As ROR2 is reported to mediate the WNT5A-dependent inhibition of β-catenin-TCF-regulated genes in human embryonic cells [8, 15], we tested whether WNT5A mediated the canonical Wnt-dependent role of aberrant epigenetic ROR2 repression in colon cancer. We evaluated the effect of increased or decreased extracellular WNT5A levels on cell growth and canonical Wnt pathway status in ROR2-expressing DLD1 cells and controls. Although modulation of extracellular WNT5A levels affected cell growth, this effect was little influenced by ROR2 expression. The canonical Wnt pathway did not appear to be the effector of WNT5A modulation in these cells. Our data thus suggest that the canonical Wnt-dependent role of ROR2 hypermethylation in colon cancer cells does not necessarily require WNT5A. As WNT5A might have canonical and non-canonical effects, WNT5A/ROR2 could have a role in colon cancer through non-canonical Wnt signalling within certain molecular contexts. This pathway is frequently altered in other tumour types [12–14]. Our results nonetheless do not rule out a role for WNT5A in colon cancer through the canonical Wnt signalling pathway; indeed, WNT5A inhibits β-catenin/TCF-dependent transcription in HCT116 colon cancer cells .

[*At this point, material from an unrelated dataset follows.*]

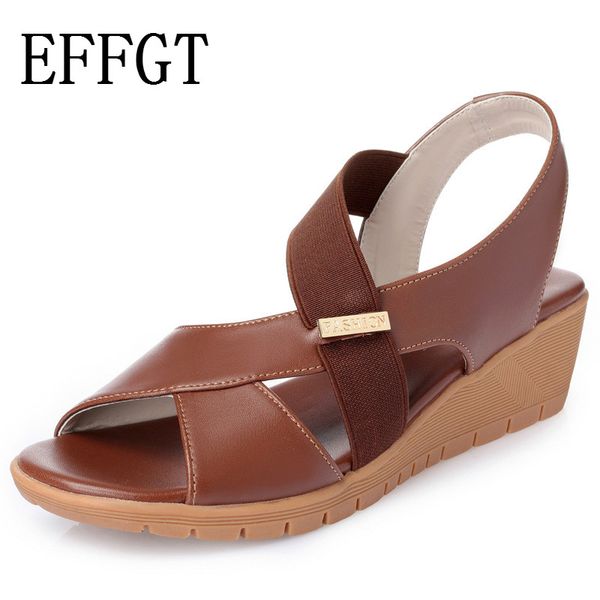 effgt 2019 genuine sandals women flat heel sandals fashion summer shoes woman casual non-slip wedge shoes, Black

As proposed for ROR2, WNT5A might also have either a tumour-promoting or-suppressing role. Many studies report a tumour-suppressing effect, and it is downregulated in a number of cancers such as colorectal and ductal breast cancer, neuroblastoma and leukaemia (reviewed in ). As we show here for ROR2, WNT5A repression in colon and haematopoietic tumours is mediated by aberrant promoter hypermethylation [19, 20]. In contrast, WNT5A also has a tumour-promoting role in cases such as non-small-cell lung cancer, melanoma, breast, gastric, pancreatic and prostate cancers (reviewed in ). As ROR2 and WNT5A functions are intimately associated--indeed, ROR2 knockout mice phenocopy most of alterations seen in WNT5A knockout mice --ROR2 and WNT5A might also have parallel or complementary roles in cancer. ROR2/WNT5A upregulation could be advantageous to cancers driven by non-canonical Wnt signalling, while their epigenetic downregulation would benefit tumours, such as colon and haematopoietic cancers, that are driven by canonical Wnt signalling.